Cloud VPN Overview

This page describes concepts related to Google Cloud VPN. Creating a VPN describes the steps to create a virtual private network (VPN).

Introduction

Google Cloud VPN securely connects your on-premises network to your Google Cloud Platform (GCP) Virtual Private Cloud (VPC) network through an IPsec VPN connection. Traffic traveling between the two networks is encrypted by one VPN gateway, then decrypted by the other VPN gateway. This protects your data as it travels over the Internet.

When to use Cloud VPN

You can use Cloud VPN to connect two different VPC networks or regions.

Cloud VPN only supports IPsec gateway-to-gateway scenarios. You must have a dedicated physical or virtual IPsec VPN gateway on the client side. Cloud VPN does not currently support client-to-gateway (road warrior) scenarios. In other words, it doesn't work with client software on a laptop, only with full IPsec VPN gateway software. Cloud VPN does not support VPN technologies other than IPsec.

Terminology

The following terms are used in this document:

Cloud VPN gateway
The virtual VPN gateway running in GCP. This virtual device is managed by Google, but used only by you.
Peer VPN gateway
The other side of the connection. Frequently, this is a physical device on your premises. However, it can be a second Cloud VPN gateway or a virtual gateway running in another provider's network.
Instructions are written from the point of view of your VPC network, so the "remote peer" is the gateway connecting to Cloud VPN.
Project ID
The GCP-generated Project ID, not the project name supplied by you.

VPN traffic selector

When creating a VPN tunnel, you must tell the tunnel which destination IP address ranges it can allow, and you must create routes to forward packets destined for that IP range to the tunnel.

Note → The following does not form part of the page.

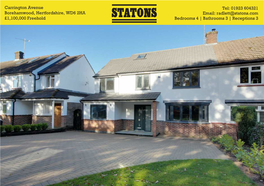 Radlett@Statons.Com Borehamwood, Hertfordshire, WD6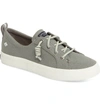 Sperry Crest Vibe Slip-on Sneaker In Grey Canvas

Traffic selector is an agreement between IKE peers to permit traffic through a tunnel if the traffic matches the specified addresses. With subnets, you must specify which Google Cloud Platform CIDR ranges are valid for a VPN tunnel. These ranges are specified in the Local IP ranges field in the Cloud Platform Console and the --local_traffic_selector field in the gcloud command-line tool. These ranges are configured when the tunnel is created and may not be changed afterwards because they are used during the IKE handshake on connect.

The maximum number of CIDR ranges specified in the traffic selector is 128.

In some VPN configurations, gateways allow traffic to pass through that was not specified in the traffic selector during the IKE handshake. For consistent and predictable VPN behavior, make sure the routes destined for the tunnel match the prefixes specified during tunnel creation.

Traffic selector and auto mode VPC networks

If the network of the VPN gateway is an auto mode VPC network, the CIDR range of the subnet in the same region as the VPN gateway is automatically announced to the peer VPN. If you only want that subnet to use the tunnel, you do not have to manually specify the traffic selector. You do have to specify a route as shown in the steps below.

If you have an auto mode VPC network and wish subnets other than the subnet containing the gateway to use the tunnel, you must specify these ranges and create routes for them. If you use this field, you must even specify the subnet local to the gateway.

If you are using an auto mode VPC network and you don't specify the traffic selector, you get the default behavior, which is that the subnet local to the Cloud VPN gateway is used to create the tunnel.

Traffic selector and custom mode VPC networks

If the network of the VPN gateway is a custom mode VPC network, no IP prefix is announced to the peer VPN by default. You must use the traffic selector to specify the IP prefixes for the subnets that will be routed through the tunnel. You must also specify routes for traffic to reach the tunnel.

VPN diagram

This diagram shows a simple VPN connection between your Cloud VPN gateway and your peer VPN gateway.

Diagram

Requirements

The following are required to use VPN.

  • You must have a peer VPN gateway for the other side of the tunnel.
  • The peer VPN gateway must have a static external IP address. You'll need to know the IP address when you configure Cloud VPN. If the peer VPN gateway is behind a firewall, you must configure the firewall to pass ESP and IKE traffic.
  • The CIDR range of the VPC network must not conflict with the CIDR ranges of the networks on the peer side of the VPN.
  • You must supply a shared secret for the VPN. This can either be provided by your existing peer VPN gateway or you can make one up.
  • Cloud VPN supports both IKEv2 (recommended) and IKEv1. Determine what your peer VPN gateway supports.